The 14-point MOU calls for an “immediate and permanent end to the war on all fronts” — including in Lebanon. The document also alludes to reaching a “final agreement” within the next two months, indicating that the MOU likely functions as more of a temporary ceasefire agreement than a lasting peace deal.
The MOU indicates that the 60-day deadline isn’t final and can be extended “by mutual consent” if needed.
In addition to an end to hostilities, the MOU also demands that both Iran and the U.S. “respect each other’s sovereignty and territorial integrity, and … refrain from interfering in each other’s internal affairs.” It lifts naval blockades imposed by both sides in the Strait of Hormuz, with the promise to restore exports through the waterway (including oil) to “pre-war volume” within 30 days.
The memo also requires sanctions on Iran to be lifted, and for the United States to create, with its regional partners, “a comprehensive plan agreed upon by both parties for the rehabilitation and economic development of the Islamic Republic of Iran, while ensuring financing of at least $300 billion.” More details on how that fund will operate are to be discussed during the upcoming 60-day negotiating period.
Such agreements are not uncommon at the end of military conflicts. Indeed, after World War II, the United States created agreements to help restore the infrastructure of both Japan and parts of Germany. The U.S. and Israel’s war has caused an estimated billions of dollars worth of destruction to Iran’s civilian infrastructure, including transportation, internet and communications, and energy and oil production sites.

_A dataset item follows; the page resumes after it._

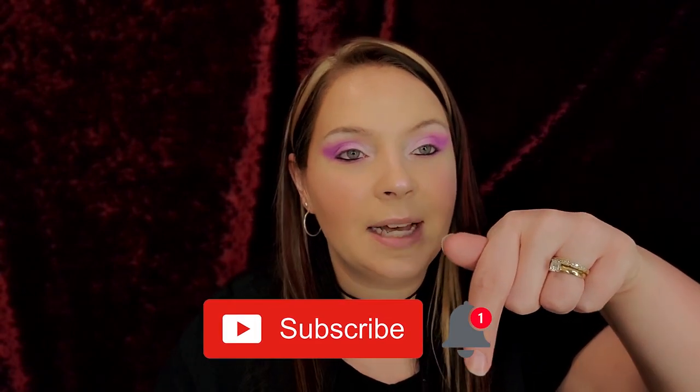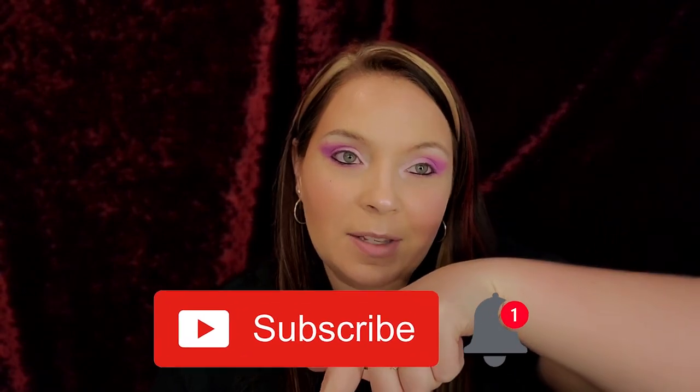But guys, before we get into this, if you have not yet subscribed to my channel, please hit that subscribe button down below and hit that notification bell so you know when my next video is. Let's get into this mascara!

But even as members of his own administration appeared to confirm rumors of that provision earlier this week, Trump has denied that the U.S. would create such a fund, calling the idea “Fake News” in a Truth Social post. Trump also dismissed the idea of a $300 billion fund being partially created by the U.S. at a G7 meeting in France on Wednesday.
“We’re not investing, we’re not putting up 10 cents,” Trump said.

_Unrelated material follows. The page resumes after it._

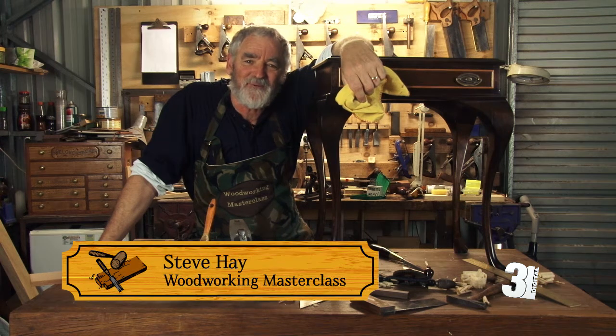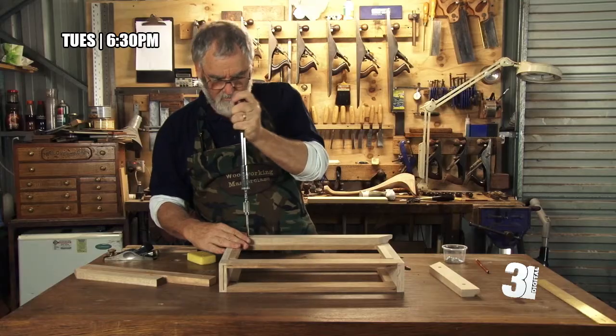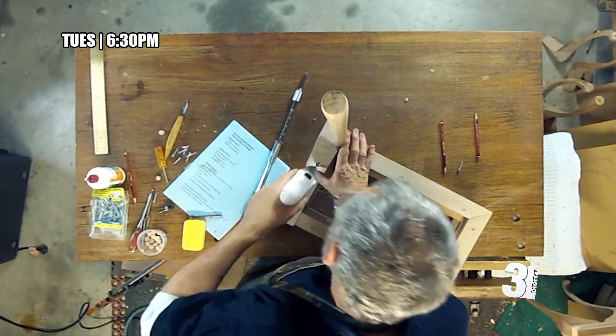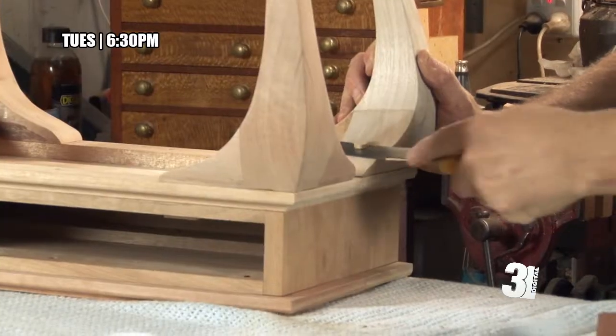G'day, I'm Steve and I look forward to welcoming you to my workshop for Episode 6 of Woodworking Masterclass. This is the final episode in the series where we finally put all our hard work together and assemble this lovely period-styled side table.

The refusal to abide by any portion of the MOU could threaten the temporary ceasefire.
Trump also indicated that the MOU wasn’t yet final, and that he could “go back to shooting” if he doesn’t like what’s in it.

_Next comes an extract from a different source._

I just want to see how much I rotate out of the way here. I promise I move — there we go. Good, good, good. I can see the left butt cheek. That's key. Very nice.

“If I don’t like it, if they don’t behave, we’ll go right back to dropping bombs right smack in the middle of their head,” Trump said at the G7 meeting.
Per the MOU, Iran is required to reiterate “that it will never produce nuclear weapons.” The agreement also requires continued discussions on its possession of “enriched material.”
Yet Iran had already made that kind of promise before the war started, during negotiations in February. The Trump administration largely ignored these promises, continuing to insist that Iran was pursuing such ambitions in public statements.
As rumors swirled earlier this week about what was contained in the deal between the U.S. and Iran, several commentators blasted the president for launching the unauthorized war in the first place.
“The United States is left weaker” for Trump having started this war, The Atlantic’s Jonathan Lemire wrote in a Wednesday morning column, adding that the U.S. is “diminished militarily, strategically, economically, and perhaps morally.”
Trump failed to accomplish any of his listed goals, including substantial regime change or ending Iran’s nuclear capacities, MS NOW’s Rachel Maddow said in commentary on Monday evening.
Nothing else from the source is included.